Bug #113115 semi-sync slave exit checksum error and master exit with net_flush error
Submitted: 17 Nov 2023 2:20 Modified: 27 Dec 2023 6:35
Reporter: phoenix Zhang (OCA) Email Updates:
Status: Can't repeat Impact on me:
Category:MySQL Server: Replication Severity:S3 (Non-critical)
Version:5.7.21 OS:SUSE
Assigned to: MySQL Verification Team CPU Architecture:Any

[17 Nov 2023 2:20] phoenix Zhang
We have one system, which deploy with 1 master + 3 semi-sync slave + 1 async slave + 1 outside binlog tool using BINLOG_DUMP command.

In one moment, all 3 semi-sync slave nodes exit with checksum error; theirs binlog_dump thread in master node print semi-sync ack magic number error, and net_flush error, and exit, which happen after slave error. The outside binlog tool's related binlog_dump thread also exit at that moment. However, the async slave keep normal.

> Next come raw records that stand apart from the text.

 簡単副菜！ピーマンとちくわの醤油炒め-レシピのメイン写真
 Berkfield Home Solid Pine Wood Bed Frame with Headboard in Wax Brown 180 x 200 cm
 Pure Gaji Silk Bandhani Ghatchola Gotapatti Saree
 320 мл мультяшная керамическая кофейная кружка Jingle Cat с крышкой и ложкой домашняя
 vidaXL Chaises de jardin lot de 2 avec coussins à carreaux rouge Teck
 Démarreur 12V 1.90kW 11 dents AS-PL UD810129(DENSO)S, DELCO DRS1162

The detail log please see attach file: log.txt

As we see, all semi-sync slaves report the same checksum error. And after slave checksum error, and slave IO thread exit, its related master then print Read semi-sync reply magic number error, and Semi-sync master failed on net_flush() before waiting for slave reply error, and then exit binlog_dump thread.

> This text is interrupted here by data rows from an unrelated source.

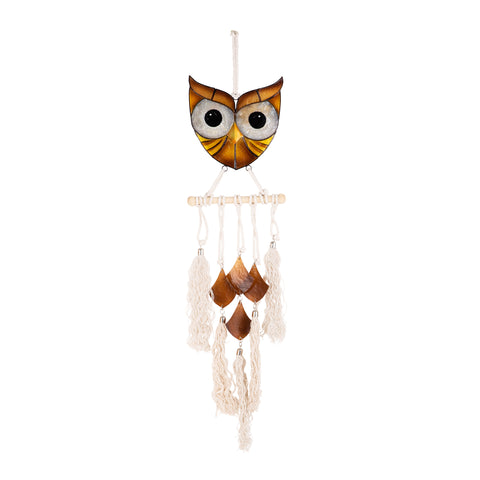 Capiz with Wood Rod Macramé - Owl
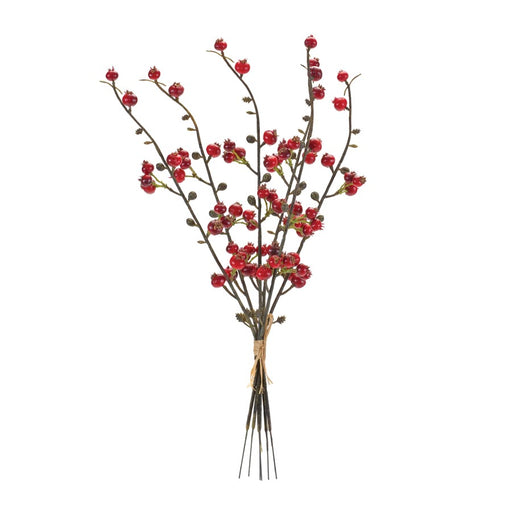 Melrose International Winter Berry Twig Bundle, Set of 6, Red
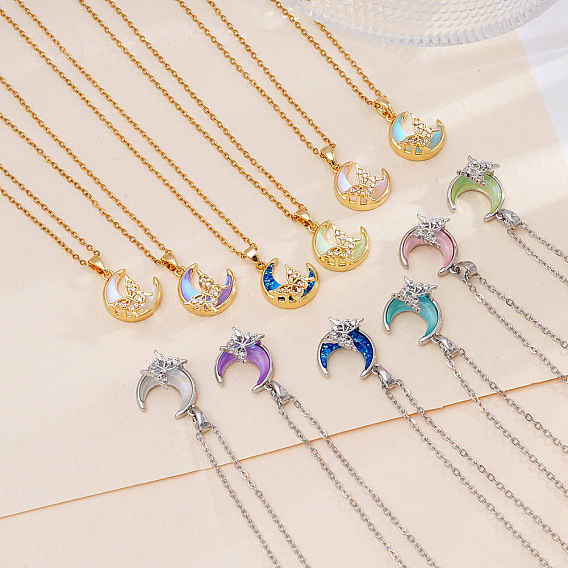 Ожерелья с подвеской в виде бабочки и луны из латуни и смолы для женщин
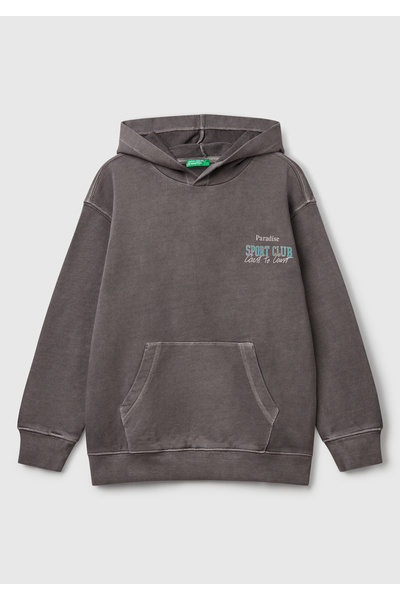 United Colors of Benetton Boy's Anthracite Printed Faded Effect Pouch Pocket Hooded Sweatshirt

All the error happen in the same timestamp, which is 2023-11-03T11:46:03. And from OS and NET level does not find any exception error log.

How to repeat:
It is an online database, which happen once, and can not repeat in local test environment.
[17 Nov 2023 2:21] phoenix Zhang
The detail log info

Attachment: log.txt (text/plain), 9.78 KiB.

[17 Nov 2023 23:21] MySQL Verification Team

Thank you for the report but I have issues reproducing this. 5.7.21 is rather old, 5.7.44 is what is current 5.7 release, please upgrade.
[27 Dec 2023 6:35] phoenix Zhang
i find a similar bug: https://bugs.mysql.com/bug.php?id=84752

in bug#84752, it report error: bogus data in log event. 

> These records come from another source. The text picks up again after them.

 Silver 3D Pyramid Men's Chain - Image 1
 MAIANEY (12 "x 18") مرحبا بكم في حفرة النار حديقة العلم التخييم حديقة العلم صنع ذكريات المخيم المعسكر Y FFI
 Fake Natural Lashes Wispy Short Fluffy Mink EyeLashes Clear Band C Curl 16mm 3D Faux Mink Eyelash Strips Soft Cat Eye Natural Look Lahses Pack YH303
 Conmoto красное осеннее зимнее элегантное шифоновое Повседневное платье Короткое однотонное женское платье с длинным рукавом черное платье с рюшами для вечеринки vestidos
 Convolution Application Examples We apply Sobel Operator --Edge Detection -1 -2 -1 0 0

from source code, in Log_event::read_log_event, it will "data_len= uint4korr(buf + EVENT_LEN_OFFSET)", if data_len less than 19, it will report bogus data error. otherwise, if data_len still in-correct, but not too small or too large, then, it may generate checksum error.

In bug#84752, your developer teams say this bug is fixed by Bug #22252394, which release-node is:

With sync_binlog=1 set, if the binary log was rotated during a commit before the binary log end position was updated, replication stopped on the slave because the server attempted to use the old binary log end position with the new binary log file. The server now compares the binary log file name with the active binary log file when updating the binary log end position, so that the issue does not occur.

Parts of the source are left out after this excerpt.